011c56c0 "OG_20101107_FWS_000..sysfiles"
Logs starting with FWS suffix represent the Firewall log; in this case ISA was querying the SQL database for this log. Now where is SQL located? According to ISAInfo collected by ISA Data Packager the Log was located on the D: drive, which was actually part of the same disk as C:, only in a different partition. Now it is time to review perfmon and see if we can match this with something going on from the disk perspective.
Here it is sample of the time where the issue was happening:
The black line represents the Average Disk Queue Length that goes from zero to 26 (maximum should be 2 per spindle - in this case we just have 1 spindle) and got stuck there from 1:36PM to 1:39PM. During the same time we see the ISA Server Firewall Packet Engine\Backlogged Packets goes from zero to 113 (maximum should never be higher than 10).
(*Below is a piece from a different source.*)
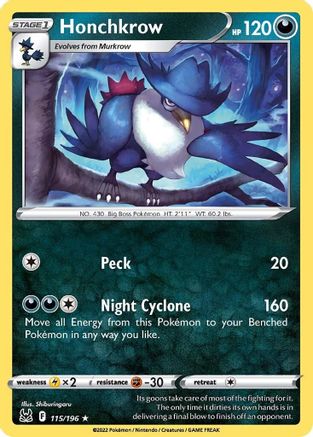 Honchkrow - 115/196  - Reverse Holofoil SWSH11 Lost Origin - Rare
The logic here is the following:
1. ISA is trying to query a firewall log located on the SQL (MSDE in this case) database. ISA is waiting on SQL.
2. SQL is performing a reading operation for a piece of information located in disk. SQL is waiting on Disk.
3. Disk is having bottleneck and it is queuing up requests.
4. Since ISA can’t proceed (since is waiting on disk), ISA starts to accumulate requests (backlog starts to grow). ISA stop answering new requests.
5. Clients can’t browse.
You might be thinking, but this is only for 3 minutes, I can live with that. Really? I doubt your helpdesk will not overflow of calls if nobody can browse Internet for 3 minutes.
4. Conclusion
I hope this post gives you a big picture of what goes behind an ISA (or TMG) performance issue in scenarios where ISA/TMG stops responding. There are much more elements that needs to be investigated other than ISA/TMG itself.